> _Excerpted records_:
———

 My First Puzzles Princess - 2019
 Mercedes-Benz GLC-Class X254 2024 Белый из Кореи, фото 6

———

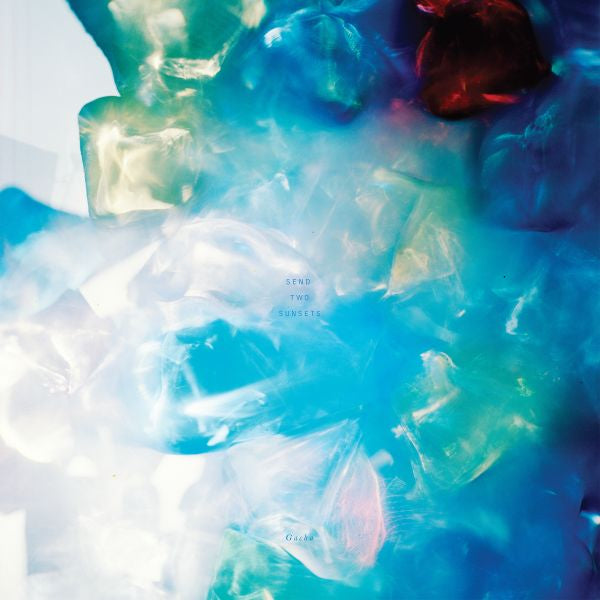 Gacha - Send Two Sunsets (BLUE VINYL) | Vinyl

———

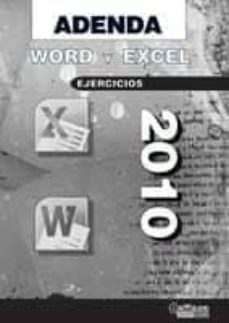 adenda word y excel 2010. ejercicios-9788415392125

———

> _Work task_:
Quote the listing above, but only from the line that shows "My First Puzzles Princess - 2019" through the line that shows "Mercedes-Benz GLC-Class X254".

> _Task output_:
 My First Puzzles Princess - 2019
 Mercedes-Benz GLC-Class X254 2024 Белый из Кореи, фото 6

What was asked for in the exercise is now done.